Malik Si Mohamed, professeur des universités et expert en TIC, est perplexe. L’Algérie réunit les conditions pour développer un modèle numérique avancé, mais elle n’y arrive pas. Les ingrédients sont là, a-t-il déclaré dimanche lors de la matinale de Care à Alger: les investissements sont disponibles, l’infrastructure nécessaire en câble a été posée, la ressource humaine est nombreuse et qualifiée, et la volonté politique existe. Pourtant, “la mayonnaise ne prend pas, constate-t-il.
Faisant le bilan du secteur des TIC sur les quinze dernières années, il rappelle qu’un grand projet, qui “semblait cohérent”, a été lancé au tournant du siècle. Des volets de ce plan ont été menés à bon port, rappelle-t-il. Il cite la mise en place d’un réseau de câble en fibre optique, la téléphonie mobile, l’accès internet. Par contre, des pans entiers constituent un échec pour le secteur: le contenu local pour l’internet, le domaine dz, les services postaux, le téléphone fixe et l’ADSL, ainsi que le développement des centres d’appels et la voix sur IP.
De grands projets lancés en grande pompe ont eux aussi conduit à l’impasse. L’exemple en est offert par le fameux Ousratic, une “fausse bonne idée”, car il ignorait “la réalité du terrain”.
Projets non réalisés
L’ouverture du capital de l’opérateur historique a été annoncée en 2000, pour être réalisée en 2005. Elle a été reportée pour 2006, mais depuis, l’idée a été oubliée.
Les autres ratages sont nombreux. Le FAUDTIC devait financer les projets innovants. En 2013, déjà, il était doté de dix milliards de dinars. Un comité a été mis en place, et le règlement intérieur de cet organisme a été adopté. Pourtant il n’y a toujours rien.
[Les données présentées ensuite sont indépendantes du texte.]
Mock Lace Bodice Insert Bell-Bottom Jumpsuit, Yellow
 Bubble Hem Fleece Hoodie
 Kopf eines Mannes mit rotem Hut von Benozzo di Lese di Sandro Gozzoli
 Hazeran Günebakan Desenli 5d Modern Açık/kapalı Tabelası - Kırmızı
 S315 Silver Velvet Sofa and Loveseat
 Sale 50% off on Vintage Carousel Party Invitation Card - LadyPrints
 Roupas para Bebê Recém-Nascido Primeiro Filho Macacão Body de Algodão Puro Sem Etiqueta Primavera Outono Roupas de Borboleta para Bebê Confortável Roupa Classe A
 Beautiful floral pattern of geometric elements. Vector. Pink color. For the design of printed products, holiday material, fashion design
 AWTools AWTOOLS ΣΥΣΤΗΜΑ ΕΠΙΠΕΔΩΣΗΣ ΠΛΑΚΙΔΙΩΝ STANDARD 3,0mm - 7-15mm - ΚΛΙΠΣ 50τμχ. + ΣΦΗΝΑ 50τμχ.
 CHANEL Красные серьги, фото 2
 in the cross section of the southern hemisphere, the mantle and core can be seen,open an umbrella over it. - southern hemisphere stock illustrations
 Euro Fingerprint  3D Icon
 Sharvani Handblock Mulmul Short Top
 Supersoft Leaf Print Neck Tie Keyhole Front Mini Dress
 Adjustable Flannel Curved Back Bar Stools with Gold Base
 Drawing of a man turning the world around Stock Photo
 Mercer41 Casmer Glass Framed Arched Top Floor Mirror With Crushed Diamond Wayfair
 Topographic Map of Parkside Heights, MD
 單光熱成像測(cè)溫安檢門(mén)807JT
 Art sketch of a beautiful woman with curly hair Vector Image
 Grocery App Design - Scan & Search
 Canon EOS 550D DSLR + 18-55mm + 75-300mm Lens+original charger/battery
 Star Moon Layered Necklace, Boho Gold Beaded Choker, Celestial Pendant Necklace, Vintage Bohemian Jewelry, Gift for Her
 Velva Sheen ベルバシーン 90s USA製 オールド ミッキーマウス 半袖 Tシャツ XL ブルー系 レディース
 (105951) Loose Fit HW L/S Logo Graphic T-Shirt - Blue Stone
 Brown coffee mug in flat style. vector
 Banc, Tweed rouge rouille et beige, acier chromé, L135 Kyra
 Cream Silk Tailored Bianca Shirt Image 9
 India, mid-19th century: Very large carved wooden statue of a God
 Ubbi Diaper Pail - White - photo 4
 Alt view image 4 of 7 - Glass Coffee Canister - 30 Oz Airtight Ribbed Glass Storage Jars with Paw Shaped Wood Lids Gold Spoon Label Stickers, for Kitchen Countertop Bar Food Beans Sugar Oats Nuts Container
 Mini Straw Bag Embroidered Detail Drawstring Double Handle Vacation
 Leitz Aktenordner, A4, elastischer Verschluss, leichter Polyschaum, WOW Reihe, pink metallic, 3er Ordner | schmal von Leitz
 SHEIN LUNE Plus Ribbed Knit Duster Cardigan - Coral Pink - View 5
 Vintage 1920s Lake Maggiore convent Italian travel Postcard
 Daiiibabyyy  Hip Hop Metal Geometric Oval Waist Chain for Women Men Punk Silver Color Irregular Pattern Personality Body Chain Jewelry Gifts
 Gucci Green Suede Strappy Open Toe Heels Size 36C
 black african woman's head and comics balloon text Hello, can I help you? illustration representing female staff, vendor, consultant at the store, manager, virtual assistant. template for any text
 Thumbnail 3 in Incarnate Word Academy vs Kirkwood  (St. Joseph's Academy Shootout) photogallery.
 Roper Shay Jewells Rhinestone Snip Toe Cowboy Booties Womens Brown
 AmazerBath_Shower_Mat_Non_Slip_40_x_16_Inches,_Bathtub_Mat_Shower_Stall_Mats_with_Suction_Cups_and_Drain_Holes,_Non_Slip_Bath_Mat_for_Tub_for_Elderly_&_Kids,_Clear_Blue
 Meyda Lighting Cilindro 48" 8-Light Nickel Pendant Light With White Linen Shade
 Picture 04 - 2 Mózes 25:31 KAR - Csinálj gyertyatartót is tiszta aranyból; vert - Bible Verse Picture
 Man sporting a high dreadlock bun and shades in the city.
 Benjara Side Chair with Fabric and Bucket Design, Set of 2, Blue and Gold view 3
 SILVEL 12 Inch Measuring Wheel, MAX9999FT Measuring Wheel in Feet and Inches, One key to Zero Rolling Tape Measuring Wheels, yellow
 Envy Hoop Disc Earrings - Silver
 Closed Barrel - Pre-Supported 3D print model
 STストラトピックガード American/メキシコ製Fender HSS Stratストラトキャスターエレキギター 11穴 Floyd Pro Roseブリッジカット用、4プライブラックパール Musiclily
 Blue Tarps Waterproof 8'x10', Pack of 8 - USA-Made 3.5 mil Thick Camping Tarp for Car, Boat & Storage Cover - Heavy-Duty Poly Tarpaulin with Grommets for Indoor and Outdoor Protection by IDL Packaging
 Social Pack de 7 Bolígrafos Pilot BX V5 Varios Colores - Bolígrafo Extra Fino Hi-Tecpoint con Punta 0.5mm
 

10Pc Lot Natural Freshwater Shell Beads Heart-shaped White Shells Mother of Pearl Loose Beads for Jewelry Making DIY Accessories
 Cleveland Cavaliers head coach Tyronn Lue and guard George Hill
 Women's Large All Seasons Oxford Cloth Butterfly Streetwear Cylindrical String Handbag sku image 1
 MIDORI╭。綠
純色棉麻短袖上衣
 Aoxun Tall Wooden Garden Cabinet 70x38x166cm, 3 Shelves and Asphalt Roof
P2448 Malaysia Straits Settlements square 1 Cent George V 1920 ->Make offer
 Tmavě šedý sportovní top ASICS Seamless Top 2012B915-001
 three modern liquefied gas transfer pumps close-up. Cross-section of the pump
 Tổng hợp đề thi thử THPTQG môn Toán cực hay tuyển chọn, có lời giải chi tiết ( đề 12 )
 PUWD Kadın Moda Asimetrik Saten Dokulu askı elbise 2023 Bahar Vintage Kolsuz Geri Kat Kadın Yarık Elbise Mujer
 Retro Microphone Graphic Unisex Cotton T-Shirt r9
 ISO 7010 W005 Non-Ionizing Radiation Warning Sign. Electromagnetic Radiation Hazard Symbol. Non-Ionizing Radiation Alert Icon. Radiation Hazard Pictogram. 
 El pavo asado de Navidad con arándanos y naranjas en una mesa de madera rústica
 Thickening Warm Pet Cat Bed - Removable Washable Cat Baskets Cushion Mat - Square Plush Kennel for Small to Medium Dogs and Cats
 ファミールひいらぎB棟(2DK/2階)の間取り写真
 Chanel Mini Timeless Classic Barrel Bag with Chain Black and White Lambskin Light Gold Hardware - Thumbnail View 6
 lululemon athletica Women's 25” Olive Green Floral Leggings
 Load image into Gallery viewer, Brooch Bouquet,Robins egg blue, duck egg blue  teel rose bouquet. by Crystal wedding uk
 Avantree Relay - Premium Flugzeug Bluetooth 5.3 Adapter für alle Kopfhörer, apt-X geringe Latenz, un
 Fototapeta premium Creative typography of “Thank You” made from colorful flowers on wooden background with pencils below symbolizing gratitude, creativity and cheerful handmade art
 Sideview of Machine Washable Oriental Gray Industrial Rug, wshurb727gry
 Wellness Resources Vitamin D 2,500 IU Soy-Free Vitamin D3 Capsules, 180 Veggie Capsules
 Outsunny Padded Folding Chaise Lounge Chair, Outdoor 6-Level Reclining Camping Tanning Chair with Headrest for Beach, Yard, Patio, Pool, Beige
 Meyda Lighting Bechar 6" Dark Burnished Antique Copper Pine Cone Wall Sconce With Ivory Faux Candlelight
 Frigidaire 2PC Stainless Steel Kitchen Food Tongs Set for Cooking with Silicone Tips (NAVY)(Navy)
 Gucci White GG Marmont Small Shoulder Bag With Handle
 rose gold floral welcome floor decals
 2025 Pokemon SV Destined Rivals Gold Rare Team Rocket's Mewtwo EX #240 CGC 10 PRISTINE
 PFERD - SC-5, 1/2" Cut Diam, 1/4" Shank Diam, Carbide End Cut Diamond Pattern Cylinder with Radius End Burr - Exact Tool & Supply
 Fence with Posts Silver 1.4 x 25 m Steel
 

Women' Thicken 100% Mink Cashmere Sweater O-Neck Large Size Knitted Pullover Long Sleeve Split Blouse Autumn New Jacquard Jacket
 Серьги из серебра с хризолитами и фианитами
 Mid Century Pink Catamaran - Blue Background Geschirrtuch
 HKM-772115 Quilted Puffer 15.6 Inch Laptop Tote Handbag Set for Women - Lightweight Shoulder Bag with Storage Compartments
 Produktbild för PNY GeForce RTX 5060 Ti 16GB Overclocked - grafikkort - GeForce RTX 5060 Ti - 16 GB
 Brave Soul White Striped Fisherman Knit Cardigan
Encore plus ambitieux, le grand projet e-Algérie devait être doté de quatre milliards de dollars US entre 2009 et 2003, sur la base d’investissements exclusivement publics. A l’heure actuelle, il n’y a toujours pas d’avancée significative.
Obligation de résultats
M. Si Mohamed en arrive à tirer quelques conclusions. Il relève que les déclarations d’intention des hauts responsables sont là, elle “ne peuvent être contestées”, mais qu’elles ne suffisent pas. Il faut “passer de obligation des moyens à l’obligation de résultats”. Pour lui, il ne s’agit plus de décider de budgets, mais d’insister sur la bonne exécution des projets pour en vérifier les résultats. Il propose aussi de “sortir des effets d’annonce”, et d’éviter les “bilans quantitatifs”, qui finissent pas ne riens signifier. “Il faut convaincre qu’il y a une autre façon de faire”, dit-il.
Enfin, M. Si Mohamed insiste sur la “transversalité des TIC”. Pour nombre d’acteurs, ce secteur concerne un ministère, qui serait en charge de tout faire. Rien n’est plus faux, pourtant, car les TIC intéressent tous les secteurs, tous les ministères, tous les domaines d’activité. Une rencontre multisectorielle dédiée aux TIC ne concerne, en Algérie, que ce secteur, les représentants des autres domaines d’activité se contentant d’un rôle d’invité.